Did you say "vacuum chamber?"
From the article:
.... He created two capacitors that are tubular, like tiny jet engines - with the hot wire on one end, a gap, and a metal tube for the ground. Each capacitor is mounted on the end of a rotor, driving it like a pinwheel. Last fall, they tested the contraption in regular air - shooting it with 27,000 volts at 20 microamps. Bingo: It generated 3 millipounds of force, and the rotors spun at 60 rpm. Then, in December, they finished tweaking their vacuum. They were able to get the pressure inside the bell jar down to the equivalent of low-Earth orbit - 10-7 torrs, to be precise. They put the device inside and hit the juice.
Nothing happened.
It wouldn't budge an inch. They jammed the voltage up to 50,000 volts, and still nothing. They repeated the tests several times but didn't dare use higher voltage. "We had lightning coming out the back of it," says Andy Finchum, Campbell's assistant, pointing to a set of plastic guards he set up after nearly frying himself. "You could start hearing the hiss at those voltages, and that's when you don't want to get close!" He hands me a thick gray pressure gauge. "These are $1,500 apiece, and we toasted one."
To check if it was an equipment error, they brought the bell jar back to sea-level pressure - and the rotor started spinning again. The device itself wasn't malfunctioning.
Campbell folds his arms and declares antigravity dead.

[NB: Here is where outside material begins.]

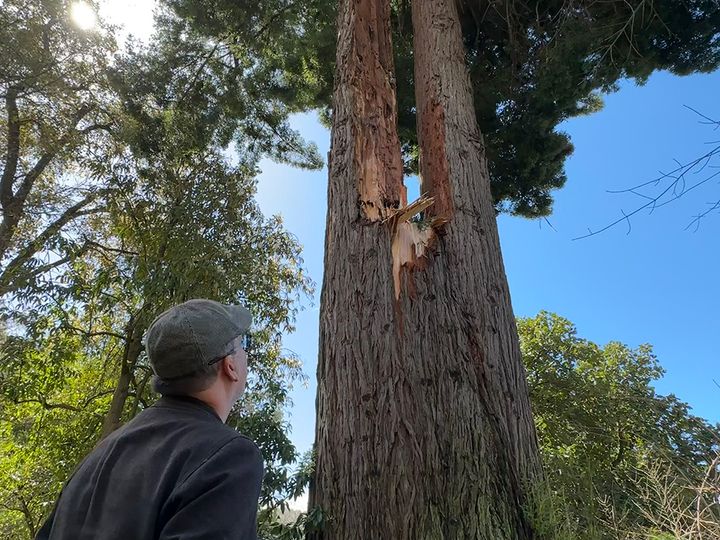 Bomb cyclone damages historic redwood, buckeye at UC garden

"There's no performance in a vacuum," he concludes. [snip]
To: longshadow
OK.
He's got a point. If it only happens in atmosphere...then it's some sort of atmospheric phenomenon, and not antigravity per se.
6
posted on
07/10/2003 8:43:57 PM PDT
by
Poohbah
(Crush your enemies, see them driven before you, and hear the lamentations of their women.)
To: sourcery
I need a circuit diagram before I can evaluate or make a comment.
7
posted on
07/10/2003 8:52:15 PM PDT
by
RLK
To: sourcery
I do one last check of my DC transformer, which I bought online from a guy who specializes in energy systems that are illegal in several states. He put a sticker on this one: DANGER: ANTIGRAVITY IN DRIVER.A power suppy from an old computer moniter works just as well. I built a lifter last year and it really does work.
8
posted on
07/10/2003 8:55:42 PM PDT
by
Moosefart
To: sourcery
I remember reading about this back in the 1960's in either POPULAR MECHANICS or POPULAR SCIENCE. The cover of the magazine showed an anti-gravity "flying machine" monitoring road trafic.
To: sourcery
To: sourcery
bump
11
posted on
07/10/2003 9:08:20 PM PDT
by
GOPJ
To: chaosagent
The 1964 explanation sounds correct. What essentially exists is a particle accelerator that produces secondary movement of neutral particles.
12
posted on
07/10/2003 9:13:02 PM PDT
by
RLK
To: sourcery
It is ionic wind. Once you approach a voltage gradient of about 20,000 volts per inch, air molecules start ionizing. You can put "pin points" on one side of a charged grid. The charged grid has a slightly lower gradient, so it doesn't ionize air molecules. The pin points do ionize the air around them. Once ionized, they are either repelled or attracted to the grid depending upon the charge. This creates a wind, or in rocket terms, a reaction mass. It is just like rocket exhaust. It heads one way and the "craft" moves the other way.
13
posted on
07/10/2003 9:34:41 PM PDT
by
jlogajan
To: jlogajan
Trouble is, once you get the generator of the 20,000 volts onboard the craft, it won't be able to overcome the weight of the mechanism.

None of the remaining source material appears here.